January 20 – I’m Fickle – Part Two

            The other part of my fickleness is the “I just don’t care anymore” syndrome.  I get this a lot.  It comes from the value I place on my time.  As I go through life, I often think about where my time goes.  What do I want to spend my time doing?  If I feel that something is wasting my time, I dump it. 

            Take books.  If I do not get engaged in a book by page 100, I am not spending any more time on it.  I have stopped reading many famous books that are considered great works of art that I find tedious.  Usually the conversation in my head goes, do I really care about these characters?  If I don’t, then forget it.  If the writer can’t get me interested in 100 pages, then we have a problem.  

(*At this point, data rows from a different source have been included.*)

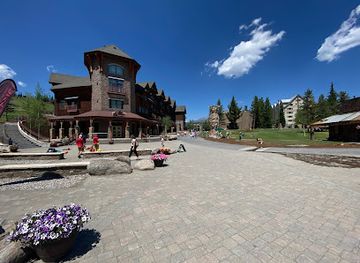 montana/big-sky/attraction/big-sky-resort-zipline-tours
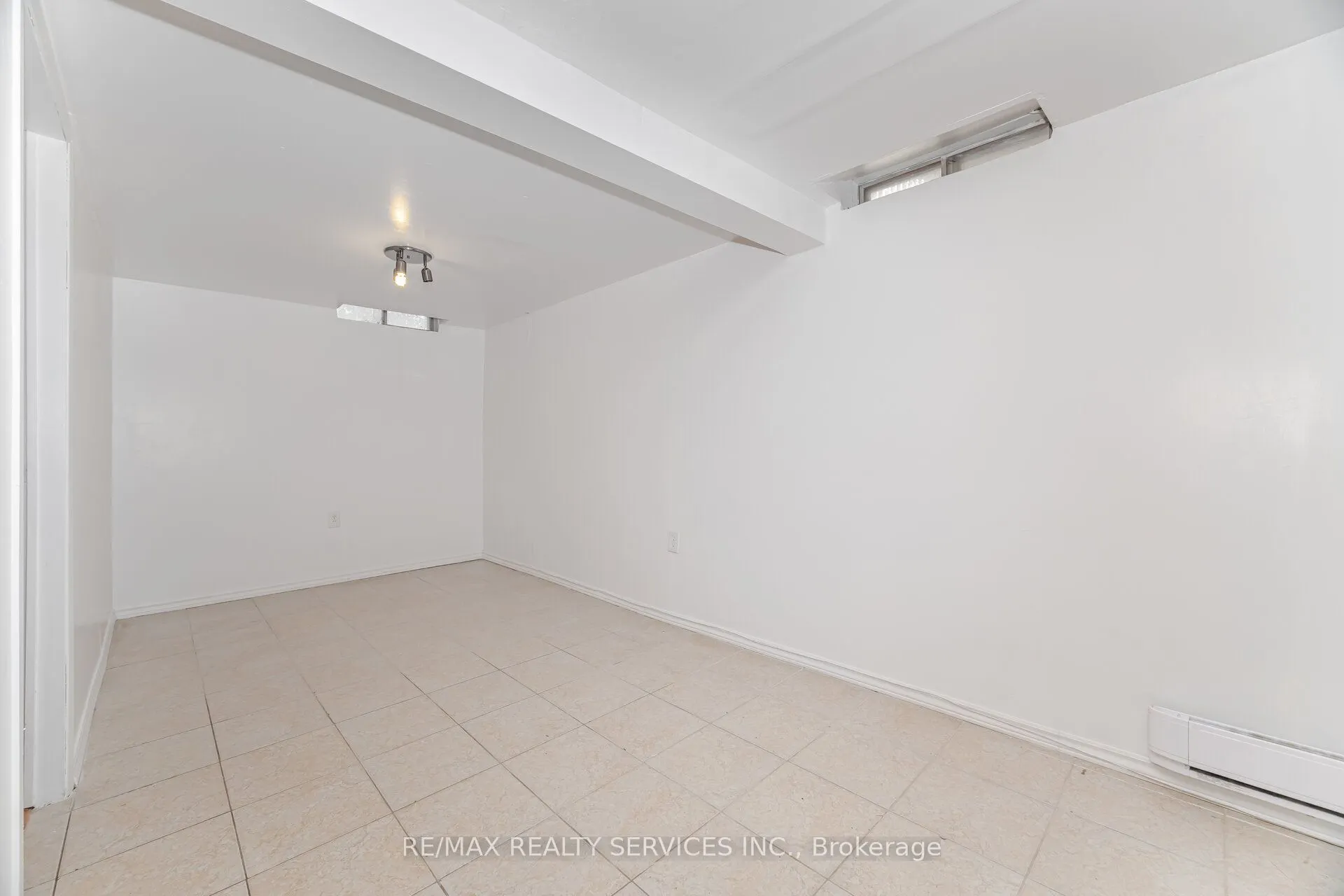 20 Greenhills Square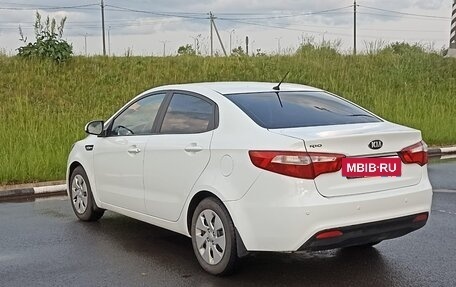 KIA Rio III рестайлинг, 2013 год, 890 000 рублей, 6 фотография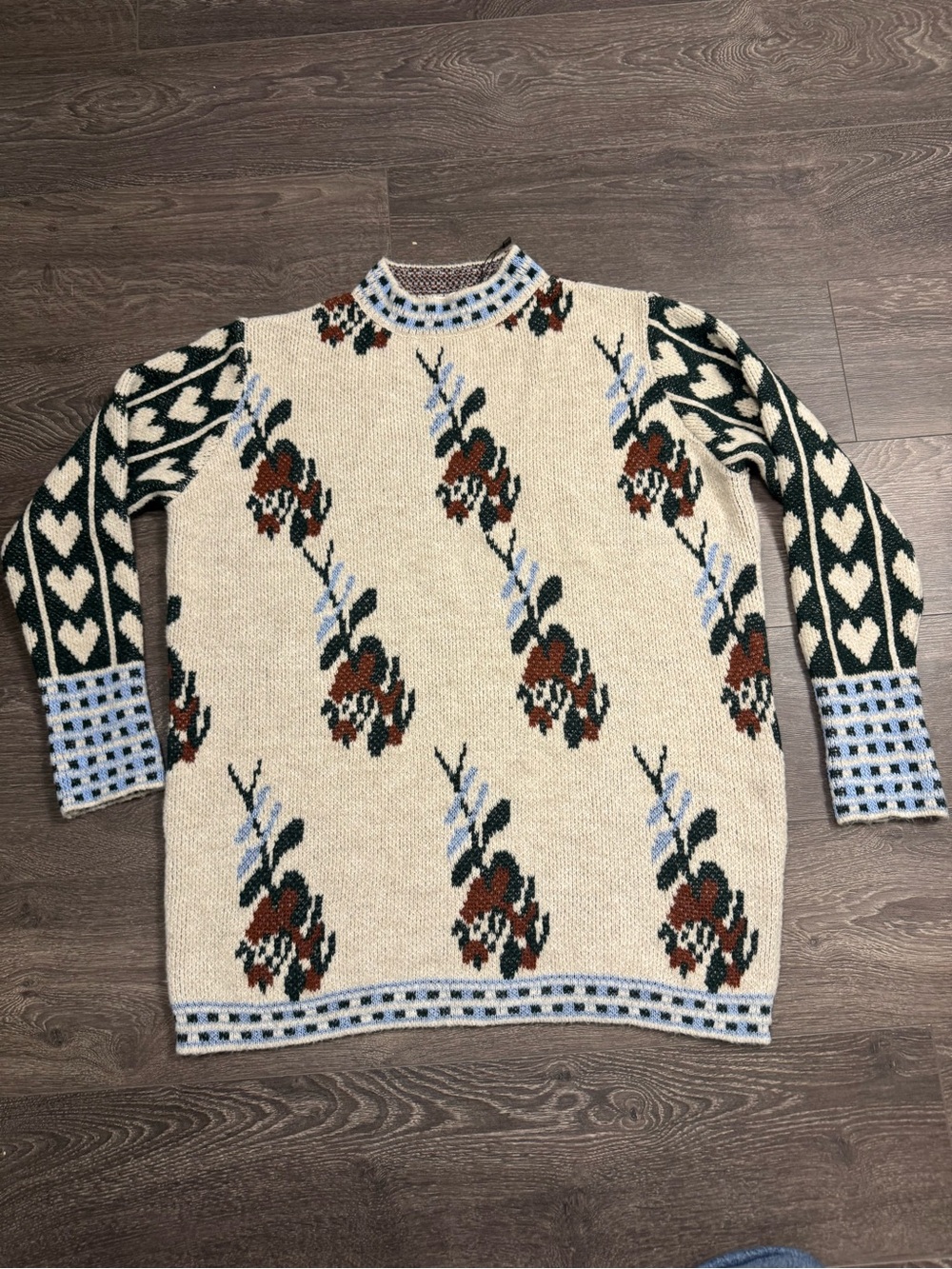 Cream Floral Crewneck Sweater with Heart-Patterned Sleeves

            I have said goodbye to numerous t.v. shows for lack of caring.  I will start watching and after a season or two, I just say, I’m done with this.  I have lost interest.  “Frankie and Grace” and “Schitt’s Creek” come to mind.   

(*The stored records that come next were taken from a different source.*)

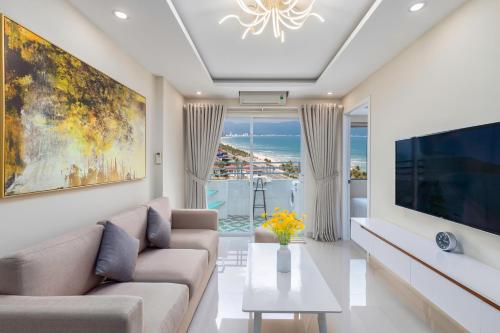 Shared lounge/TV area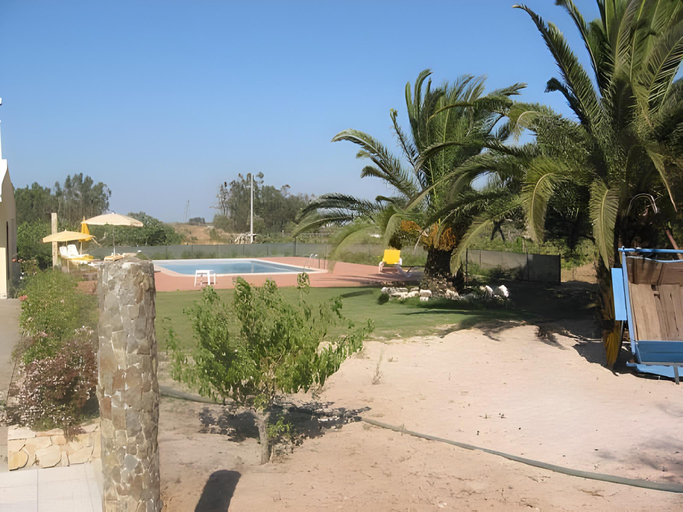 Others 4, Quinta das AVES - Apartamento T2 com Piscina Comum, Lagos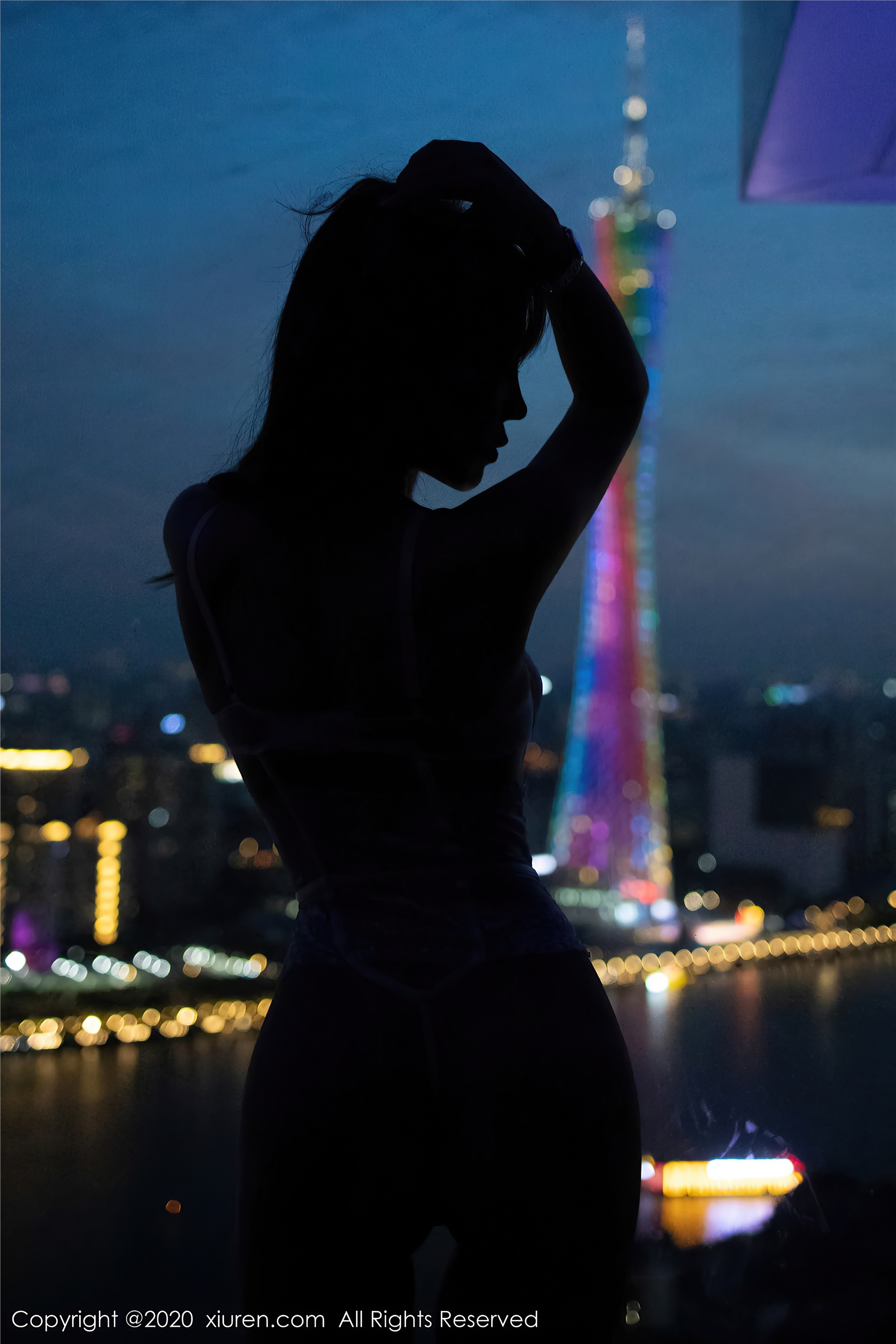 秀人网美媛馆 2020-08-21 Vol.2474 芝芝Booty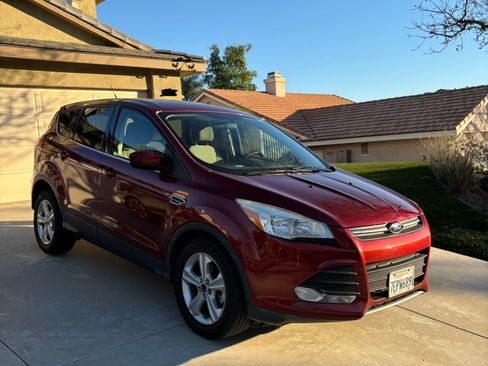 Used 2014 Ford Escape SE image 1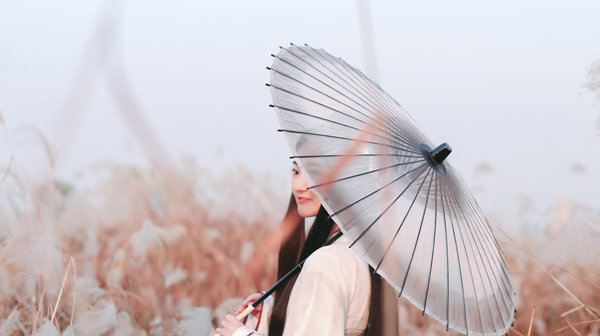 elsie-zhong-dv2hxPnAkEc-unsplash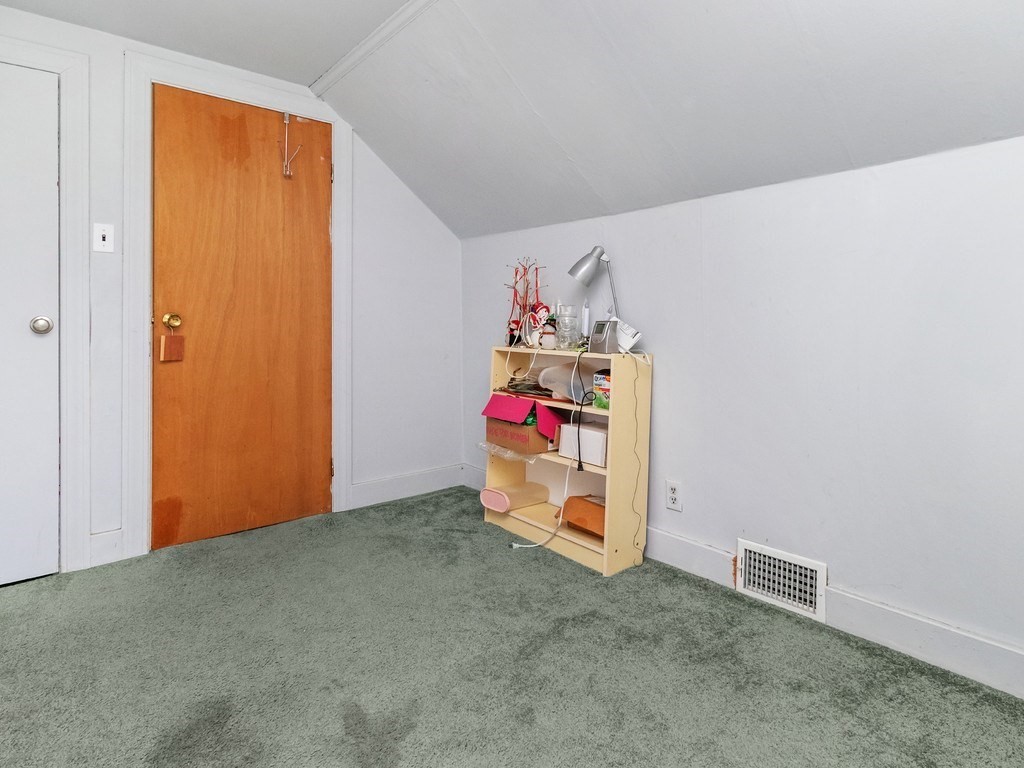 71 Farnum Road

            As you can imagine, I have no ability to follow something like the Star Wars saga.  I stopped caring a long time ago.  Sports teams come and go.  I stopped watching football in 1981 and have not missed one second of it.  Will I like the Pens forever?  Who knows?  Chances are that I will stop caring at some point.  

            Does not caring make me fickle?  It certainly is a sudden decision and my feelings do change.  But again, I have my reasons.  Why do I stop caring?   I have no idea.  I just know that my engagement has collapsed and I am moving on.  

            Matt says I don’t have the patience to let the characters develop.  Maybe.  But I have also given the benefit of the doubt to something, say a movie, and I have only wished that I had that two hours back.